Exercise prompt:
Return only that part of the material below which starts with the line containing "uniqwo Unisex Eat" and goes on through the line containing "Lanvin Happy Handbag", restated exactly.

▬▬▬▬▬▬▬▬▬▬

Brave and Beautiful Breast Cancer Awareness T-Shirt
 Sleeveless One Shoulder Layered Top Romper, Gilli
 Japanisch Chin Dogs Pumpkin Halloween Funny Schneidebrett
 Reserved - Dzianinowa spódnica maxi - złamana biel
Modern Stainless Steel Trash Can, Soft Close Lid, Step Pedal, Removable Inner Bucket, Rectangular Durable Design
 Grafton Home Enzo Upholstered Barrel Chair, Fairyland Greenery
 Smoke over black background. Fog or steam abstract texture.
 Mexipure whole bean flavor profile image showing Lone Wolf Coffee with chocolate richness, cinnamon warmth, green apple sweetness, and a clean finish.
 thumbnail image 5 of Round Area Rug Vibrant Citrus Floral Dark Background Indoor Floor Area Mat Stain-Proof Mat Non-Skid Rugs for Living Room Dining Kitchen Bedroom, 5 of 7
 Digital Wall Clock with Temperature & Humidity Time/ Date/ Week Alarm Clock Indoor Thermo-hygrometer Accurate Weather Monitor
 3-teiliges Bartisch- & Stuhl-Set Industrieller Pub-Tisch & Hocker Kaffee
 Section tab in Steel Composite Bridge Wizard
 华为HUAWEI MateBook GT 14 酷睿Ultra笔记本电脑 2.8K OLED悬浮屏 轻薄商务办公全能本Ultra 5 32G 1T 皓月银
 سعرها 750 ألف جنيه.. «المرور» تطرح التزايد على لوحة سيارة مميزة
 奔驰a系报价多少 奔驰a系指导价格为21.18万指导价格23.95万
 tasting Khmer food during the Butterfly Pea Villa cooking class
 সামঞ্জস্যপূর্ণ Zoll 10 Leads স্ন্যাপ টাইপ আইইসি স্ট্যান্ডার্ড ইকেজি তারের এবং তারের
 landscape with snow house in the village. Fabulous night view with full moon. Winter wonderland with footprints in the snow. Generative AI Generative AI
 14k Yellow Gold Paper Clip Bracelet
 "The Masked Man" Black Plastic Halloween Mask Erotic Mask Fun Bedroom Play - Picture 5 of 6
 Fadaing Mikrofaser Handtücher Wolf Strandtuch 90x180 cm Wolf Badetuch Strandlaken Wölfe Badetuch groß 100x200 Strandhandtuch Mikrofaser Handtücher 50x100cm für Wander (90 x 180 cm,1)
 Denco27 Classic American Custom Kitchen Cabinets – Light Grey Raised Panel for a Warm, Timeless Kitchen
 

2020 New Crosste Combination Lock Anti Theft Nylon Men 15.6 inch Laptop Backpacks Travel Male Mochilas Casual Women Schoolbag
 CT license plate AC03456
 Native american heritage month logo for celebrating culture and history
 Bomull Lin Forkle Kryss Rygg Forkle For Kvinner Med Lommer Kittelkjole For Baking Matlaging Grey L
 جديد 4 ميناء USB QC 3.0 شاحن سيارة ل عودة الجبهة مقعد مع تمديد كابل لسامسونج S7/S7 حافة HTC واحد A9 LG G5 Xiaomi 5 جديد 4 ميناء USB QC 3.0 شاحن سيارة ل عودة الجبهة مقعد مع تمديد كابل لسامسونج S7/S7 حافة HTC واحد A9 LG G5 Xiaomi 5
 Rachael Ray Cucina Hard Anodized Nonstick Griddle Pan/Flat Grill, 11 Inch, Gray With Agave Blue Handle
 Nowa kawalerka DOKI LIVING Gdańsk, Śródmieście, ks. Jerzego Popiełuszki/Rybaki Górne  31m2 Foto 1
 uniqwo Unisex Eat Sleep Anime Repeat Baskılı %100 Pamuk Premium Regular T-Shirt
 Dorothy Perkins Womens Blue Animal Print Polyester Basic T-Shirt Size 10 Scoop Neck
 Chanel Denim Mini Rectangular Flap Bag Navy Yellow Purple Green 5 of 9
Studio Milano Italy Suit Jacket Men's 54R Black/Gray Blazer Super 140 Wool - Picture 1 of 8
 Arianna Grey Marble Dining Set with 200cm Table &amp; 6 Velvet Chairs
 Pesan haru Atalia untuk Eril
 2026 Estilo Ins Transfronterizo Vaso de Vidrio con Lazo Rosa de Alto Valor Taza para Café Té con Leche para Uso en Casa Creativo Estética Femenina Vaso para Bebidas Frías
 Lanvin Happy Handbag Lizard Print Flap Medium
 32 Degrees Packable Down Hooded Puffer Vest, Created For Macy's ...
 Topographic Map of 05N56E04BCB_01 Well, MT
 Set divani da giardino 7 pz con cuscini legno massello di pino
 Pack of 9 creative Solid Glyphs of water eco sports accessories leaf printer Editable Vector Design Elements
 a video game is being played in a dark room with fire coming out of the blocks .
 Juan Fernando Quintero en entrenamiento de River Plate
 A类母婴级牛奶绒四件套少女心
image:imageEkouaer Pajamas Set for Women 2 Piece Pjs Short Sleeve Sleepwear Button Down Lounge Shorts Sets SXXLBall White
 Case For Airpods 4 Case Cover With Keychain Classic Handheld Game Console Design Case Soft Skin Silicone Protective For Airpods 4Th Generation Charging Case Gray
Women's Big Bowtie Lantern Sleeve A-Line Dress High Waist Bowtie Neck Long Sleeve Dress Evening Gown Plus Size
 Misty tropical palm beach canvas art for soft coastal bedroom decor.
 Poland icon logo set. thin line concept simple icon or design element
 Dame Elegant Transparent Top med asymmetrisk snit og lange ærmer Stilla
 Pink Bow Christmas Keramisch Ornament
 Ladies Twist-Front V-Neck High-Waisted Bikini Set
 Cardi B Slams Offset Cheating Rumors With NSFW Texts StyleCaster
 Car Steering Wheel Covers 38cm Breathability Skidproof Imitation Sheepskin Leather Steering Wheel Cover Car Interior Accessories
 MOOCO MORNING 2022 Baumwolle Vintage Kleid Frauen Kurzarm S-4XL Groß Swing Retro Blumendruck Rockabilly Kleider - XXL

▬▬▬▬▬▬▬▬▬▬

Exercise response:
 uniqwo Unisex Eat Sleep Anime Repeat Baskılı %100 Pamuk Premium Regular T-Shirt
 Dorothy Perkins Womens Blue Animal Print Polyester Basic T-Shirt Size 10 Scoop Neck
 Chanel Denim Mini Rectangular Flap Bag Navy Yellow Purple Green 5 of 9
Studio Milano Italy Suit Jacket Men's 54R Black/Gray Blazer Super 140 Wool - Picture 1 of 8
 Arianna Grey Marble Dining Set with 200cm Table &amp; 6 Velvet Chairs
 Pesan haru Atalia untuk Eril
 2026 Estilo Ins Transfronterizo Vaso de Vidrio con Lazo Rosa de Alto Valor Taza para Café Té con Leche para Uso en Casa Creativo Estética Femenina Vaso para Bebidas Frías
 Lanvin Happy Handbag Lizard Print Flap Medium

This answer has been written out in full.